Cousins is worried that criticising novices who make basic errors in the press is the wrong message. “I don’t like it when people are damned, unless they’re doing everything flagrantly wrong. There was a family that took their seven-year-old on Snowdon in February and they were just hammered. All stories like that do is drive people away. It’s better to redirect them, say what a great thing it is to be out for a walk but that they’ve made a poor choice.”

Some mountain rescue volunteers agree with him. Elfyn Jones is not only an access officer for the BMC, he’s also a member of the Llanberis Mountain Rescue Team, which has Snowdon on its beat. He says Llanberis MRT avoids making critical remarks about the people they rescue, even though, because it’s Snowdon, the team sees an abnormally high number of easily avoided call-outs – including the couple of dozen call-outs each year of tourists who take the train up and then try to walk down.

“How many of us as climbers go somewhere like Cloggy in trainers, in shorts, without getting a proper forecast? And I certainly won’t have a map and compass. We recently rescued a young lad and his girlfriend, they’d missed the path, scrambled up, got crag-fast and the lad had fallen and broken his leg.” The couple were criticised by another team that helped with the rescue for wearing jogging pants and trainers. “But that had nothing to do with the accident. They were out, having an adventure, in the same way that I do.”

Jones adds: “Most of the serious accidents, those that involve serious injury or fatality, that I attend are generally people who are experienced, have the right kit and know what they’re doing.”

Both Jones and Cousins feel that simply regarding tourists on Snowdon and similarly busy peaks as either a nuisance or a revenue stream isn’t good enough. A more coherent effort has to be made to offer them advice and guidance. Next year, Cousins says, Britain’s training boards will launch a two-day hillwalking course to complete novices, “people who don’t have the first idea about going up a hill but want to have a go.” It’s a model, Cousins explains, that’s already been tried and tested in Ireland. “We’ve learned a lot from Mountaineering Ireland,” he says, adding that self-reliance will be “a guiding principle.”

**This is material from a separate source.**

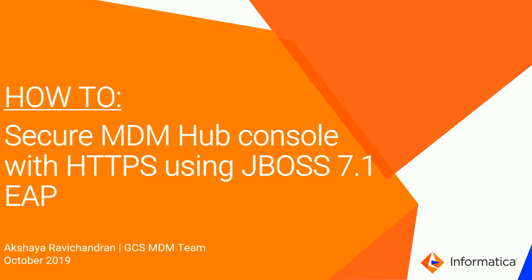Hi, my name is Akshia and today I'm going to show you how to secure your MDM Hub console with HTTPS using JBoss 7.1 EAP.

Making people aware of how to manage risk makes experiencing the outdoors safer – and more rewarding – but local authorities, under pressure from the police and media, are not always sympathetic. They like to be seen to be doing something definitive. Both Cousins and Jones want to see a grander vision for how recreation is managed in Snowdonia. “There’s one organisation that should be co-ordinating all this,” says Jones, “and that’s the Snowdonia National Park. But their rangers these days have very little background in mountain recreation.”

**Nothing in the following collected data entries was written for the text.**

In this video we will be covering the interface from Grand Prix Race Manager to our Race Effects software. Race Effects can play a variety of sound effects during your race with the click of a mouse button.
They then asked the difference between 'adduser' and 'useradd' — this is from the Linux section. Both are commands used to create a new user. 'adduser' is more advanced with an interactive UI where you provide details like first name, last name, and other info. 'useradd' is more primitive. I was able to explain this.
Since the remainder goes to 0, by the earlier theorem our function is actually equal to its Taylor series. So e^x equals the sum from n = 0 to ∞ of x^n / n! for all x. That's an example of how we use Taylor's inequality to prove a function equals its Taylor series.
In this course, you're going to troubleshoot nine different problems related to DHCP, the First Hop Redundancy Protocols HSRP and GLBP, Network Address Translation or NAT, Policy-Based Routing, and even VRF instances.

Governments and health services, anxious about populations becoming fat and unfit, are urging us outside. Outdoor businesses are tempting us with the promise of excitement and nature in the raw. In Snowdonia, the EU is putting money into marketing local outdoor tourism, just as the UK government sucks money from the national parks and outdoor centres that can teach us how to be in these places. It seems we have more outdoor industry these days, and less outdoor education.

“In a busy year,” Jones says, “We are looking at half a million people on Snowdon. Where’s the recognition of the impact that has? There’s a lack of foresight and a lack of infrastructure for tourists. If you had the traffic problems Snowdon has in Caernarfon or Bangor, something would be done immediately.”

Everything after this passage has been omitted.